Having established himself with Space Cowboys as a director still with much to say, Eastwood’s next project was the thriller Blood Work. His career in uneasy territory following a string of mild failures, his reputation as a director yet capable of great things seemed to hang perilously in the balance.

An FBI profiler forced to retire after suffering a heart attack in pursuit of a serial killer, Terry McCaleb is pulled back into his former life when it is revealed that the woman whose heart he received via transplant was murdered by the very same serial killer in order to keep him alive and in the game. Enlisting the help of the dead woman’s sister, McCaleb rejoins the hunt and attempts to unravel the mystery behind the mayhem.

His fifth literary adaptation in six films, Blood Work saw Eastwood again turn his attention to a familiar scenario in American cinema, this time a detective thriller. Marred by mixed success since Absolute Power, the director’s efforts at bringing freshness to tired genres seemed predominantly unfruitful, his innovations too few to raise his output above the threshold of mediocrity. The screen has seen its fair share of serial killer thrillers and then some, the amount of times we’ve seen a detective personally taunted and egged on by his quarry making the genre bloated, tired, and altogether too unoriginal.
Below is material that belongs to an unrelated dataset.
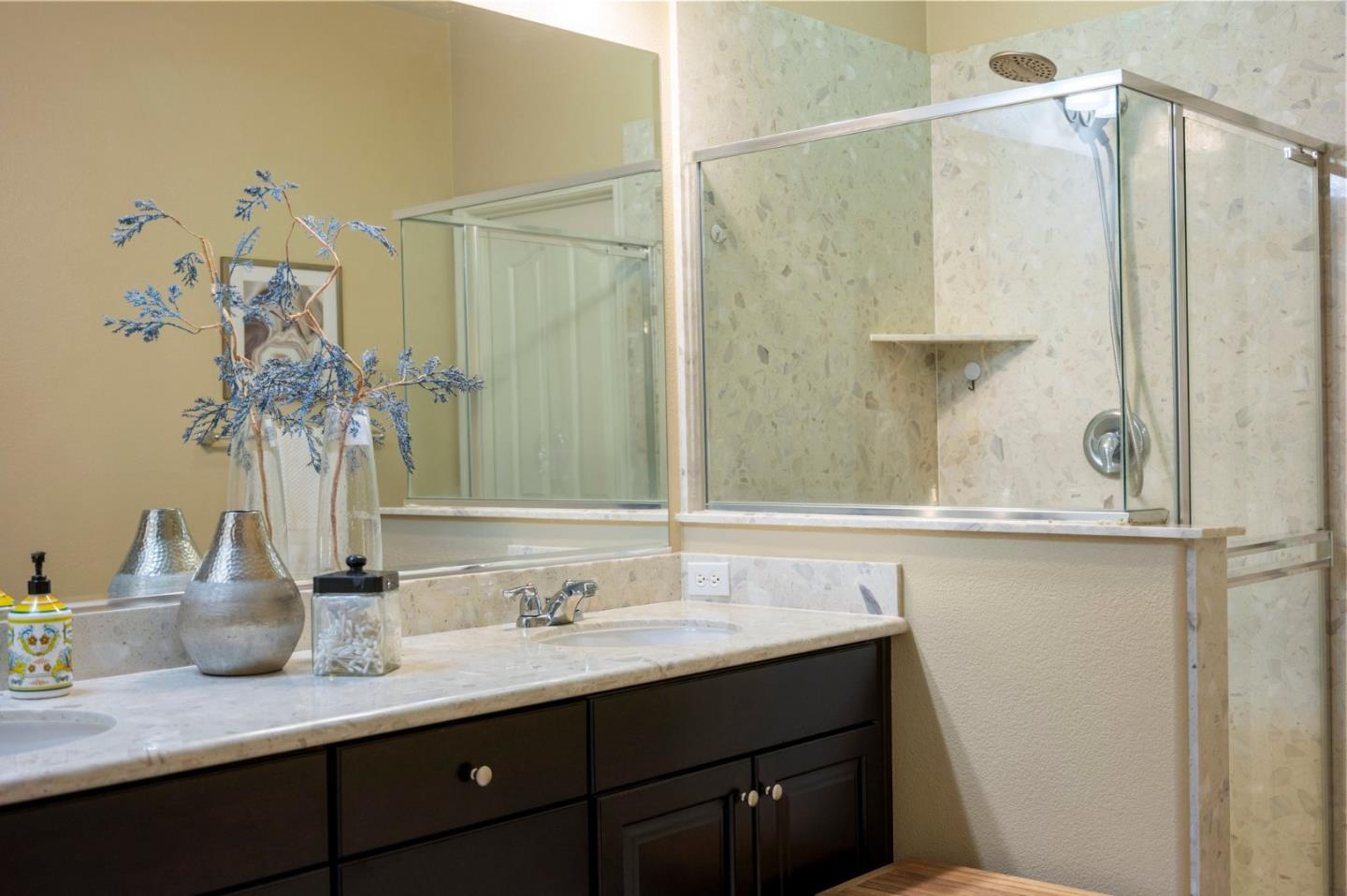 Detail Gallery Image 31 of 45 For 265 Esfahan Ct, San Jose,  CA 95111 - 2 Beds | 2/1 Baths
It takes something special to lift a film from the depths of dullness which form so dangerous a pitfall for this, indeed any, overused narrative formula. Eastwood’s attempt at such an evasion comes in the form of an interesting recurring motif he employs: the concept of McCaleb being “guided” by the heart of the woman who has died to sustain his life. This might be construed a comment upon gender, the notably masculine game of cat and mouse between cop and killer eventually brought to a close by the feminine heart McCaleb is given. Whatever the intentions of this aspect of the film’s story, however, it seems more a narrative device than a means by which to explore a theme, never delving deep enough to escape the ultimate problem that is the film’s routine ticking-off of the genre conventions. McCaleb disobeys authority, goes renegade, finds an unusual sidekick, discovers evidence hidden in plain sight, involves himself in a dangerous romance, and discovers that all along, what he was looking for was closer than he thought.

Like True Crime in particular before it, Blood Work falls prey to precisely the same indulgence in sheer script laziness, nothing else in its implementation managing to make up for this shortcoming. Its secondary characters are poorly sketched at best, seeming to exist solely to advance the plot every now and then. This is, in every sense of the word, an average film, the benefits of its pros undone by the follies of its cons. Blood Work’s efforts at bringing something new and different are ultimately insufficient to overcome the plodding dullness of its straight adherence to a standard formula. Simply put, there is nothing new to be found in this movie, nothing that does anything for the genre, nothing to commit it in any way to memory, nothing to make watching it worthwhile.

 Though it tries something new with the tired old genre, Blood Work conforms too lazily with the standard narrative of the serial killer thriller to be anything more than average. Unoriginal, and thereby uninteresting, it is a poor offering from a director who seemed, after thirty years, to be running out of steam.

47/100 - Though it tries something new with the tired old genre, Blood Work conforms too lazily with the standard narrative of the serial killer thriller to be anything more than average.

Ronan Doyle

Having spent the vast majority of my life sharing in the all too prevalent belief than cinema is merely dumbed-down weekend escapism for the masses, I was lucky enough to turn on a television at the exact right moment to have my perspectives on the medium completely transformed. Those first two and a half hours marked the beginning of a new life revolving around—maybe even depending upon—the screen and the depth of artistry, intellectual stimulation, and emotional exhilaration it can provide.
  • Christopher Misch

    It’s funny how up to this point in his career, he tried oh so very hard to to make that one great thriller but often got too tied down to the genre formula for anyone to really take notice.

  • Baron Ronan Doyle

    It would have been great to see him do more things like Play Misty. That was really interesting and pretty original territory.